■ Input material ■
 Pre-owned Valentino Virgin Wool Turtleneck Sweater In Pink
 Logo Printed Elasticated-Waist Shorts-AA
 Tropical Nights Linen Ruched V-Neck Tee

==

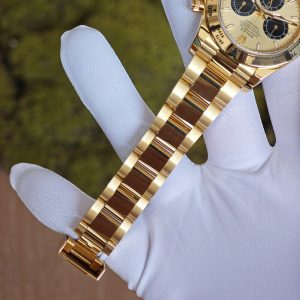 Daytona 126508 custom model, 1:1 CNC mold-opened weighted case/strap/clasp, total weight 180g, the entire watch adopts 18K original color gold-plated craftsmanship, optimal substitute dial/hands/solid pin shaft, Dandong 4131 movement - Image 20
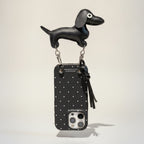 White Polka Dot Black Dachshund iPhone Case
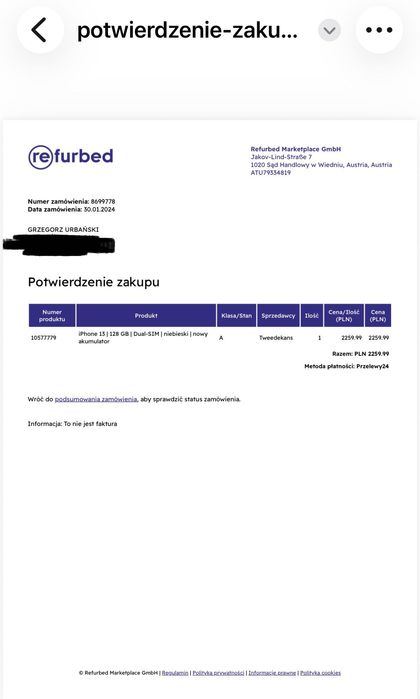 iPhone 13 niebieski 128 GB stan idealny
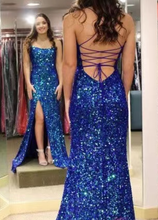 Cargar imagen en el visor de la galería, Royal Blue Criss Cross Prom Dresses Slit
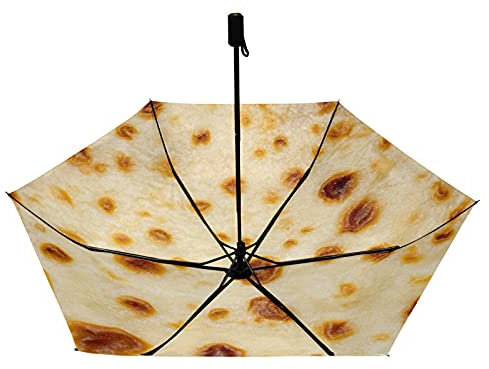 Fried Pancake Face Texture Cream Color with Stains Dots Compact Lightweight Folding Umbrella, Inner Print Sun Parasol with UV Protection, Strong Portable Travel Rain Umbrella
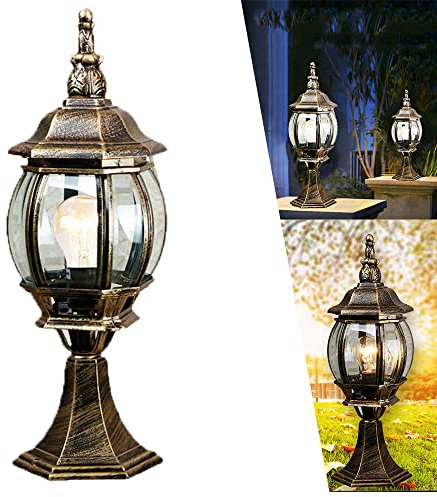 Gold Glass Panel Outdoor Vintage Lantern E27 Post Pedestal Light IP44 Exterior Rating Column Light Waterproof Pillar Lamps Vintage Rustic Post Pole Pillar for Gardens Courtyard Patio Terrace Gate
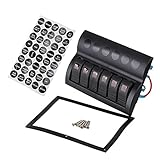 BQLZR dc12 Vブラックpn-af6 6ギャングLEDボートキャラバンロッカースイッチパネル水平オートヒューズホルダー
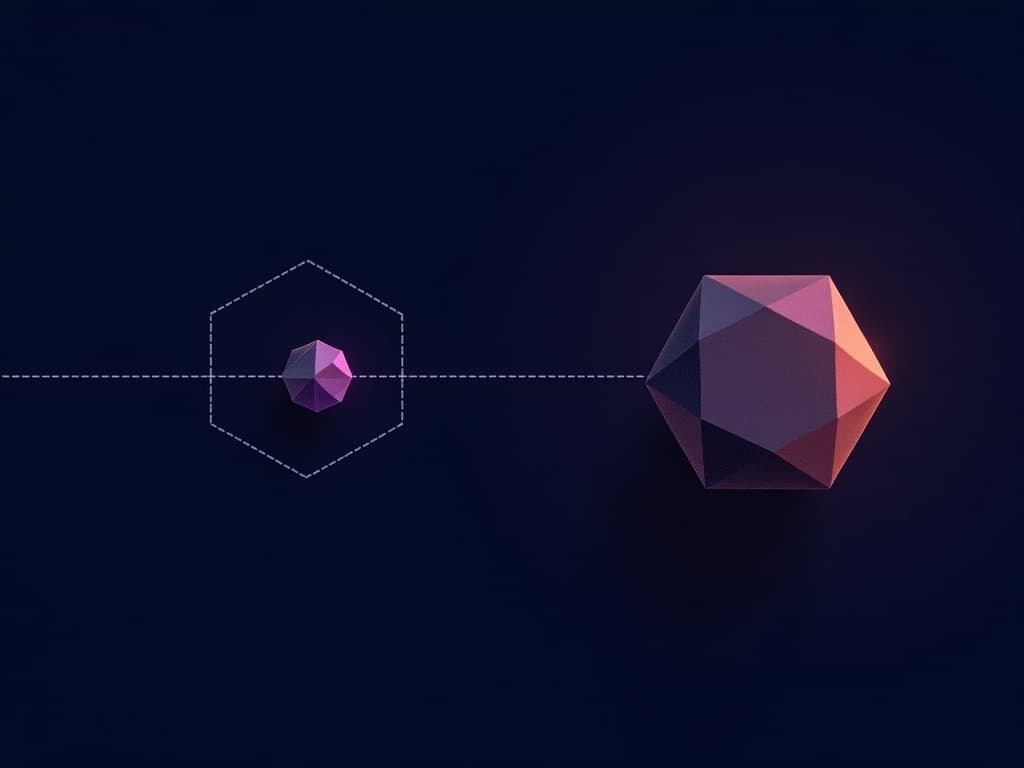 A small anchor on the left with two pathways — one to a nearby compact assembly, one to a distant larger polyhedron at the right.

■ Exercise objective ■
Return word for word the lines of the listing above, starting at the line with "Fried Pancake Face" and ending at the line with "A small anchor", both included. Pictures do not belong in the copy.

■ Result of the exercise ■
 Fried Pancake Face Texture Cream Color with Stains Dots Compact Lightweight Folding Umbrella, Inner Print Sun Parasol with UV Protection, Strong Portable Travel Rain Umbrella
 Gold Glass Panel Outdoor Vintage Lantern E27 Post Pedestal Light IP44 Exterior Rating Column Light Waterproof Pillar Lamps Vintage Rustic Post Pole Pillar for Gardens Courtyard Patio Terrace Gate
 BQLZR dc12 Vブラックpn-af6 6ギャングLEDボートキャラバンロッカースイッチパネル水平オートヒューズホルダー
 A small anchor on the left with two pathways — one to a nearby compact assembly, one to a distant larger polyhedron at the right.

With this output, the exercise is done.